= Mohave I =

19th-century steamboat

Mohave was the first stern-wheel steamboat of that name running on the Colorado River between 1864 and 1875.

==History==
The Mohave came to be built by the George A. Johnson Company in response to a challenge to their monopoly of the Colorado River trade. Discontent by miners and merchants in upriver mines and settlements over high prices and shortages arose in late 1863. A lack of adequate shipping on the part of the company to carry the volume of cargo caused by the Colorado River mining boom had slowed delivery of goods upriver from the ships in the estuary of the Colorado. Additionally steamboat captains were profiteering on the resulting shortages brought on by this bottleneck in the supply chain. The consequence was the arrival of the sternwheeler Esmerelda for the Union Line, the first "Opposition Line", on the river.

George Alonzo Johnson, who had neglected to deal with the building crisis, finally took action and had a third boat built by famed shipbuilder John G. North. North built it at his shipyard in San Francisco in sections and brought it down to the estuary, where it was assembled and launched in late May 1864. The 193 ton Mohave was 135 feet long and 29 feet by the beam with a 4 foot deep hull.

The power of its engines and cargo carrying capacity was illustrated by its May 27 – June 6, 1866 run upriver 365 miles to El Dorado Canyon from Yuma, under the command of Captain Issac Polhamus. She carried 225 tons of cargo in a record time of ten days and two hours despite being slowed for four days out of the ten, where the captain made only 41 miles against the strong current of the spring rise of the river.
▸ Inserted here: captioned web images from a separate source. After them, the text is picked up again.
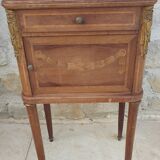 Old wooden bedside table on marble top
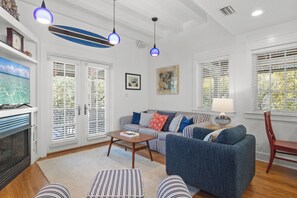 A living room with a sofa, coffee table, striped ottoman, and a television. - Seabatical! 3BR 2BA Coastal Retreat for 8 Relax, Unwind, and Recharge (Panama City Beach)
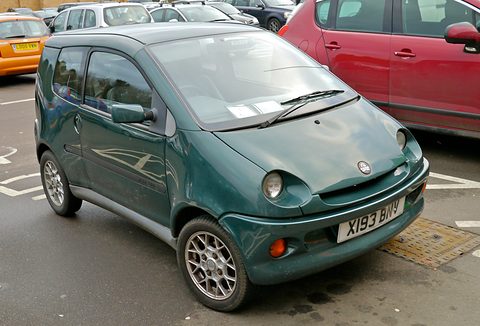 Dark green rounded small hatchback with a British plate X193 BNY, parked across a car-park bay beside a red car. Opens a larger view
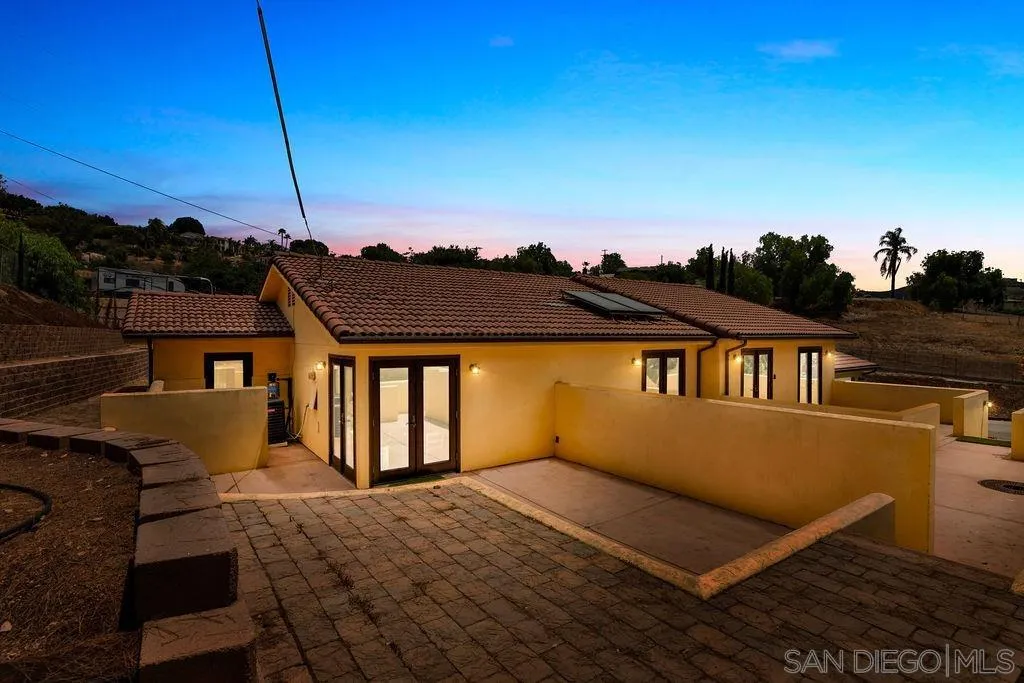 2038 Valley Rim Road El Cajon, CA 92019 - Photo 31 of 37 a view of a house with a backyard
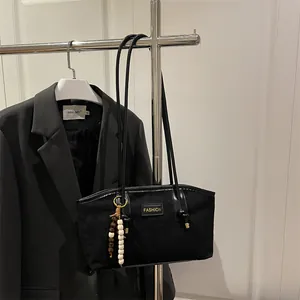 Bolso tote vintage de ante negro con placa dorada de moda y adorno de borla con perlas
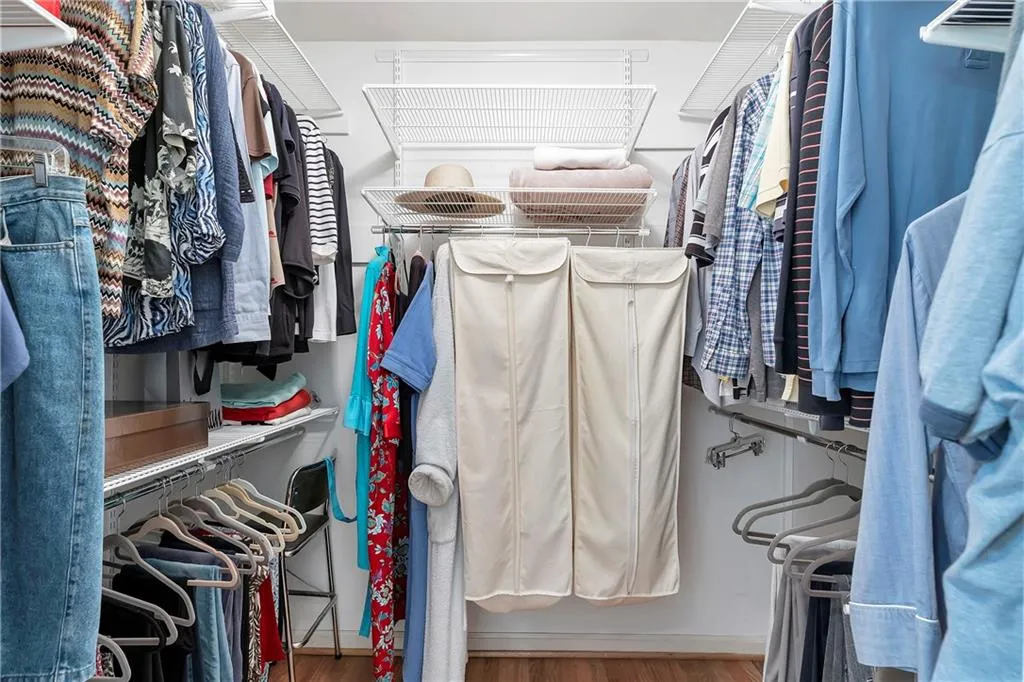 Walk in closet with hardwood / wood-style flooring
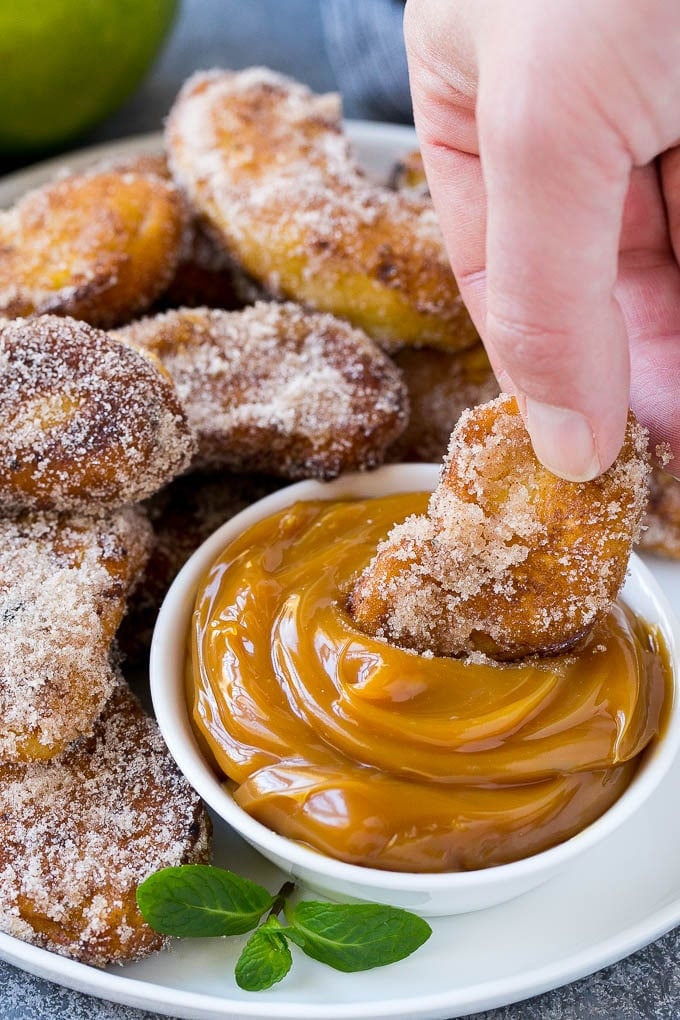 Apple Fries Recipe | Fried Apples Recipe | Cinnamon Sugar Apples | Apple Dessert Recipe #apples #dessert #fuyos #fall An apple fry being dipped into caramel sauce.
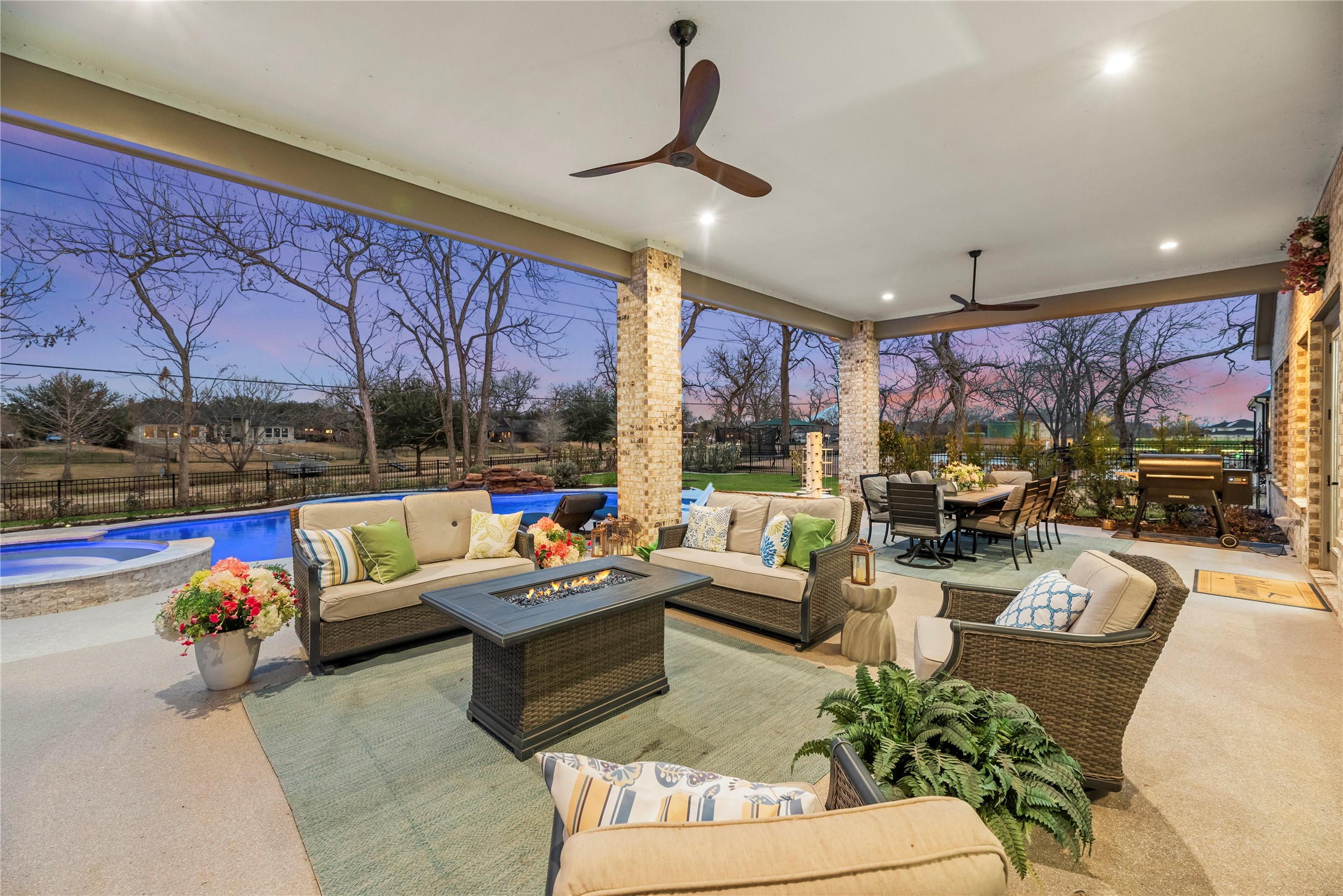 4218 Wooded Isle Way Fulshear, TX 77441 - Photo 37 of 50 a living room with patio furniture and a chandelier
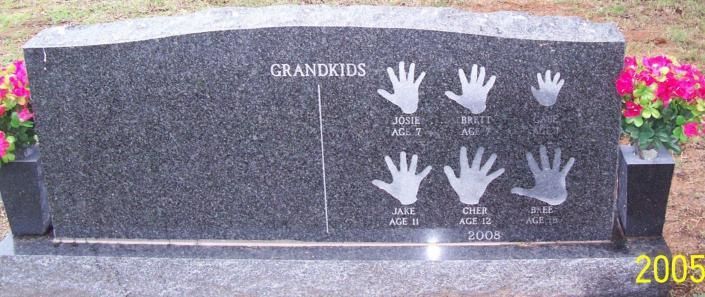 Granite grave marker with handprints and flowers in the background, engraved “GRANDKIDS.”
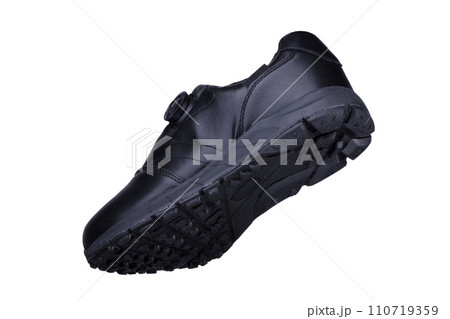 One black sneaker on a white background. Sport shoes. 110719359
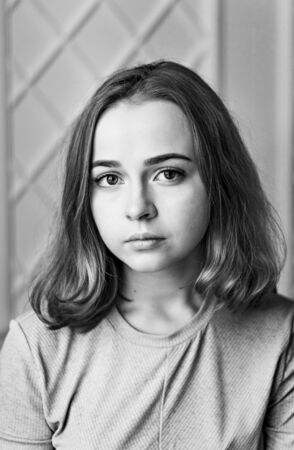Close-up portrait of a young girl. Black and whiti photo.の写真素材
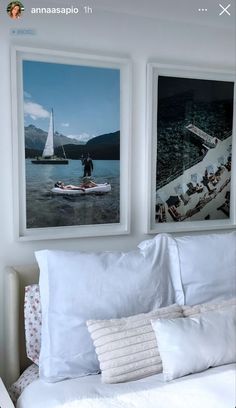 there are two pictures hanging on the wall above a bed with white sheets and pillows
To do it Polhamus had to transfer the cargo off the two barges he was towing, on board his boat, and leave the barges behind.

==Fate of the Mohave==
The Mohave continued to run the river, towing barges from 1865 until 1875, when the worn out boat was hauled out of the river at Port Isabel. She was dismantled there and her machinery was sent back to equip the Sacramento River stern-wheeler, Onward, a longer, heavier steamboat, being built in San Francisco in 1877 and which ran until 1909. The first Mohave was replaced in 1876 by the largest steamboat ever on the Colorado River, the double stacked, stern-wheeler Mohave II.